**SOURCE DATA**
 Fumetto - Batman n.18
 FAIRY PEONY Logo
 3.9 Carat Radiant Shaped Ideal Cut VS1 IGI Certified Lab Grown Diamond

**AIM OF THE EXERCISE**
Copy the listing exactly.

**SOLUTION TO THE PROBLEM**
 Fumetto - Batman n.18
 FAIRY PEONY Logo
 3.9 Carat Radiant Shaped Ideal Cut VS1 IGI Certified Lab Grown Diamond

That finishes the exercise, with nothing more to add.